Du 17 mai 1663 au 17 avril 1664, de Voyer d'Argenson n'a rien relevé, les procès verbaux, rédigés sur des feuilles volantes, ayant été égarés. Nous regretterons avec lui cette lacune, et nous terminerons par l'hommage rendu à l'activité de Duplessis-Montbard, dans un chapitre intitulé : "L'établissement du Séminaire des Missions Étrangères, dernier ouvrage de la Compagnie du Saint-Sacrement". Énumérant "les diverses assemblées que la Compagnie avait formées pour suppléer à ce qu'elle ne pourrait plus faire quand elle serait anéantie", assemblées des Paroisses, des Prisons, de l'Hôtel-Dieu, de l'Hôpital Général, il ajoute : "Il ne manquait plus qu'une assemblée à former qui prît soin des Missions-Étrangères et qui pût soutenir l'entreprise de M. l'Évêque d'Héliopolis et de ses amis.

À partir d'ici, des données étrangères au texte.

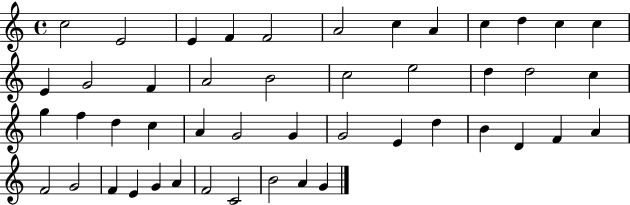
{
  \clef treble
  \time 4/4
  \defaultTimeSignature
  \key c \major
  c''2 e'2 | e'4 f'4 f'2 | a'2 c''4 a'4 | c''4 d''4 c''4 c''4 | \break e'4 g'2 f'4 | a'2 b'2 | c''2 e''2 | d''4 d''2 c''4 | \break g''4 f''4 d''4 c''4 | a'4 g'2 g'4 | g'2 e'4 d''4 | b'4 d'4 f'4 a'4 | \break f'2 g'2 | f'4 e'4 g'4 a'4 | f'2 c'2 | b'2 a'4 g'4 | \break \bar "|."
}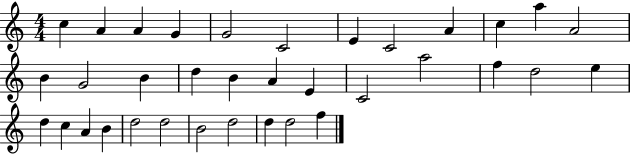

Ce fut l'ouvrage que les plus zélés de la Compagnie du Saint-Sacrement entreprirent d'établir avant que de se séparer.
"M. du Plessis, baron de Montbard, à qui Dieu avait sans doute donné le don des oeuvres par dessus tous ses confrères, en eut la première vue; il proposa sa pensée à ses amis que la Compagnie avait nommé ses commissaires pour travailler aux Missions-Étrangères, et tous tombèrent d'accord qu'il fallait établir un Séminaire pour soutenir ces sortes de missions et pour en former les sujets.
"Après que ce premier projet fut arrêté, il fallut chercher les moyens de l'exécuter, et M. du Plessis eut en vue les maisons de M. l'Évêque de Babylone, situées dans la rue du Bac, pour servir de retraite et de fondement au Séminaire. Il se chargea d'en faire la proposition à ce bon prélat qu'il connaissait, et la chose réussit comme on pouvait la désirer. M. l'Évêque de Babylone donna toutes ses maisons pour fonder le Séminaire des Missions-Étrangères moyennant une pension qu'on lui assura durant sa vie. Le roi donna des Lettres patentes pour cet établissement et Dieu y a versé depuis une si grande bénédiction qu'on ne peut dire tous les biens qu'il a produits pour la conversion des infidèles.
"Ce Séminaire a été le dernier ouvrage de la Compagnie du Saint-Sacrement, ç'a été le cher benjamin qu'elle a enfanté au lit de la mort, et en vérité il a hérité de tout le zèle qu'elle avait pour la publication de l'évangile dans tous les pays étrangers. Ainsi il supplée à tout ce que la Compagnie pourrait faire sur ce sujet, et les Directeurs qui se sont liés ensemble pour gouverner ce Séminaire ont eu des succès et des secours au-delà de ce qu'on devait espérer. Aussi est-ce entre leurs mains que je dépose l'histoire de cette Compagnie qui a servi de mère à leur saint ouvrage, et si Dieu veut qu'elle ressuscite quelque jour, on trouvera chez eux les mémoires et les moyens de la rétablir."
En transcrivant les lignes qui précèdent, nous n'entendons pas revendiquer, comme le fait leur auteur, pour la Compagnie toute entière, la création du Séminaire des Missions-Étrangères, mais il est de toute justice de reconnaître le concours persévérant et désintéressé d'un certain nombre de ses membres pour en assurer l'existence.